On February 15, 2024, tvN informed through various medias that a second season was in the process. However, the filming location was kept secret like season 1 for safety and filming reasons, as well as the cast members. On the same day, according to SPOTV News, it was announced that the cast was scheduled to leave for Iceland in mid-March and begin filming Season 2. The filming started on March 18 in Reykjavík, Iceland, confirming the presence of Go Min-si and that the filming was not affected by the ongoing series of volcanic eruptions in the Reykjanes peninsula. Season 2 was set to be broadcast on June 28, 2024 with a goal to attract viewers before the Paris Summer Olympics.

==Promotion==
In early February 2023, the cast featured in a special episode of The Game Caterers, Na Young-seok PD's YouTube variety show to promote Jinny's Kitchen.

In April 2023, Kim Tae-hyung group's BTS channel shared part of the Jinny's Kitchen Press Conference and of Tae-hyung's appearance in the Game Caterers. The press conference for season 2 has been shared on both Na PD and CJ ENM Global YouTube channels on June 28, 2024, the morning of the release of the first episode.

In a video filmed in the end of 2023 and posted on June 17, 2024 on Na PD's Youtube channel, Tae-hyung advised Go Min-si to be fast in her tasks and be ready for when he comes back from his military service. In July 2024, productor Na commented the first episode of the second season in a live YouTube broadcast alongside productor Park Hyun Yong and writer Kim Dae-joo who have both worked on Jinny's Kitchen. In this live, Na PD confirmed wanting Tae-hyung to rejoin the cast after his military service but with the hierarchy in the restaurant still to be determined.

==Reception==
===Critical response===
Popular culture critic Kim Heon-sik analysed the anticipation of Jinny's Kitchens international success by referring to BTS V as "a leading figure in K-culture" and pointing out that, if it is difficult for entertainment shows to be a global hit since it has to be based on cultural understanding, "the 'food' code is also advantageous from a multicultural perspective" and with the rise of interest in Korean culture, "[Jinny's Kitchen] doing business as K-food will be of interest to overseas viewers and will have points of empathy. [...] The appearance of V, a leading figure in K-culture, and the Hallyu craze with K-food and other things, combined with PD Na Young Seok's witty entertainment will create a synergy effect." With the same anticipation, the BBC cited Jinny's Kitchen while predicting Korean reality shows as "the next Korean cultural trend".

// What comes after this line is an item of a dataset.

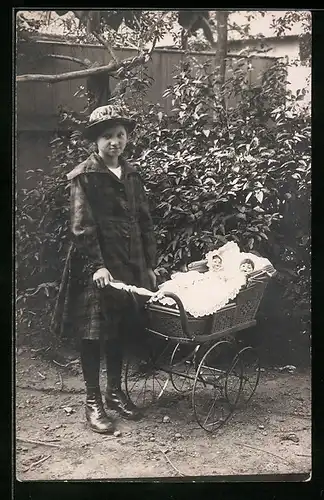 Foto-AK Mädchen mit zwei Puppen im Puppenwagen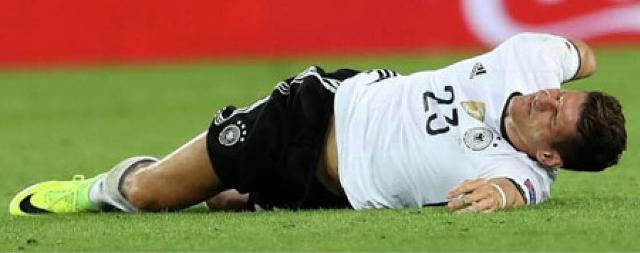 Lo người đóng thế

On March 26, 2023, Jinny's Kitchen ranked 15th in the "Most Watched TV Shows" category on Amazon Prime Video worldwide. It also entered the top 10 in 12 countries and regions, including Hong Kong, Singapore, Thailand, and Indonesia. It was stated by Manila Bulletin that FlixPatrol recorded that Jinny's Kitchen placed in the top 10 in 14 countries and territories on April 22, 2023, reaching number one in 8 of them. It remained the most watched TV show for the first half of 2023 on TVING, CJ ENM's streaming platform, as reported by India Today.

Reviews for the show have been mainly positive. To Philiana N. from TheWrap, Jinny's Kitchen stands out because of "how wholesome and unpretentious it is", the complicity between the cast and the appetizing food. She also describes it as "a refreshing reminder that there is value and joy to be had in a reality show that isn't loud or over-the-top, and instead celebrates the small, seemingly inconsequential wins that may be boring on paper but are extremely relatable to the everyday person." On IMDb, the series has a rating of 8.9 on 10 based on 3 800 critics.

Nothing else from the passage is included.